The house was added to the National Register of Historic Places in 1975. Here’s an excerpt from the exhaustive – and I do mean exhaustive – description contained in that application. (I particularly like the line “Luce was no pastry artist.”)
So simple and earth-bound is this house, so appropriate and yet primitive its shape and roofline, that one wonders if Clarence Luce of Boston had in mind the famous old Fairbanks house in nearby Dedham – also growing out of the ground, since 1636 – when he designed the Josephs house. The Fairbanks house was one of the landmarks being visited in his day, and it is possible that from it and others being given attention by wandering and sketching architects then are derived some of the Colonial Revival details – mantels, etc. – seen in the train of more famous architects – such as McKim, Mead White – who had been investigating American XVIII Century dwellings and basing some of their new confections upon them.
Luce was no pastry artist, at least in the Josephs house. Here, he produced a most liveable dwelling, typical of all that was becoming wanted in the 1880’s: open spaces for living and entertaining flowing into each other; views; ventilation; and indoor-outdoor living with both light and shade; airy bedrooms; un-cramped service accommodations. Interior adornment is held in check: there is just enough to be considered handsome, and it is very well-executed, but not so much as to constitute fussy pretension. There are no bulging elaborations, no heavy carvings or convolutions. Doors are plain (seven shallow horizontal panels) and are within plain architraves; so are windows, though some of the latter have leaded glass and stained-glass transoms of William Morris-like design. This is as far as the house goes toward elaboration. If one wishes to see the Shingle Style boiled down to its simplest, basic components, here is a fine example, handled with quiet, un-selfconcious expertise.

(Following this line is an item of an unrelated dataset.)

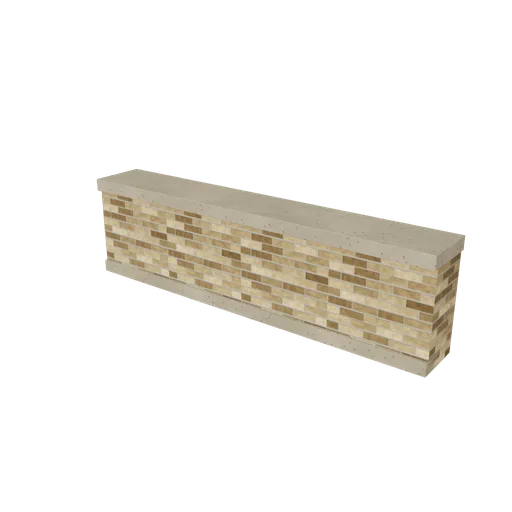 Civic parapet, 3D model preview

[…] Were it in the centre of glittering Newport, in Tuxedo Park, or in Philadelphia’s Chestnut Hill, it might have had much more deserved notice; but actually “notice” seems not to have been anything desired by the owner or the architect. Privacy, comfort, air, a view and modest but attractive decor seem to have been the desiderata, and, all have been achieved – without fanfare in a choice but “aside” location on a hill above the ocean in Middletown. The location is no longer “aside,” as the neighbourhood is now much built-up, but the Josephs house retains its grass acreage and its view across water.
The Josephs, a family from Baltimore, were apparently people of affluence and cultivation but not affected by the ostentation prevalent in Newport, and they occupied their house regularly every summer until their deaths in the early 1940’s.
Our cousin Peter Colt Josephs published a monograph on the house for the Newport Historical Society in 2012. I have a copy, full of great information and photographs. When I get my scanner up and running again, I’ll do another installment on Louisiana.